== Your instructions ==
Print the whole listing again exactly, keeping no pictures in it.

Study material: Begin

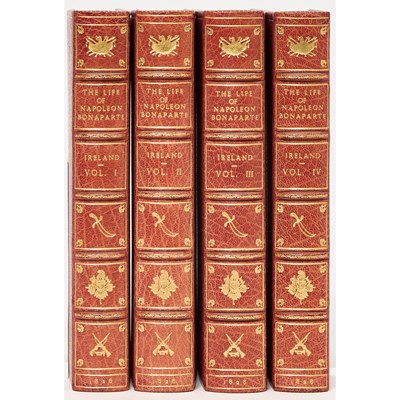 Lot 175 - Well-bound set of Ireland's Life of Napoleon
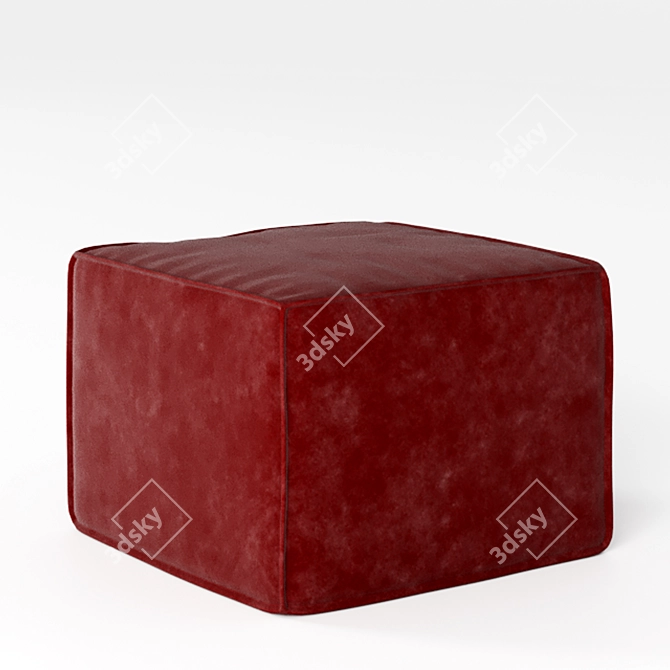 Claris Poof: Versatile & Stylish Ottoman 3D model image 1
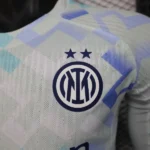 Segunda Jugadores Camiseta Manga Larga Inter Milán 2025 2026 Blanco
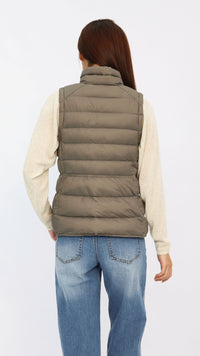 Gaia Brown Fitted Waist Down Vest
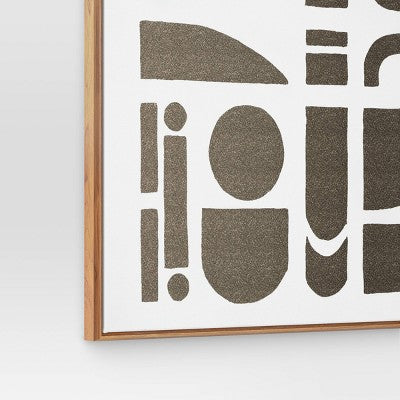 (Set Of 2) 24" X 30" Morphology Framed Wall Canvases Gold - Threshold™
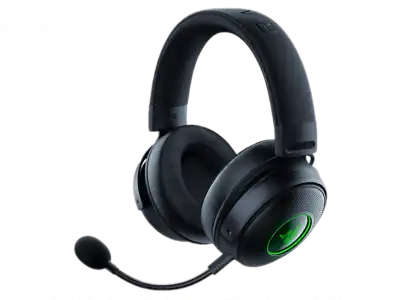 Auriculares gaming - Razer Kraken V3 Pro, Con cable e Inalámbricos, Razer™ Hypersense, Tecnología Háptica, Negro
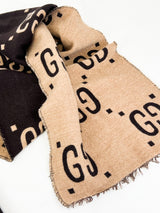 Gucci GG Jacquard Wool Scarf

Study material: End

== Expected answer ==
 Lot 175 - Well-bound set of Ireland's Life of Napoleon
 Claris Poof: Versatile & Stylish Ottoman 3D model image 1
 Segunda Jugadores Camiseta Manga Larga Inter Milán 2025 2026 Blanco
 Gaia Brown Fitted Waist Down Vest
 (Set Of 2) 24" X 30" Morphology Framed Wall Canvases Gold - Threshold™
 Auriculares gaming - Razer Kraken V3 Pro, Con cable e Inalámbricos, Razer™ Hypersense, Tecnología Háptica, Negro
 Gucci GG Jacquard Wool Scarf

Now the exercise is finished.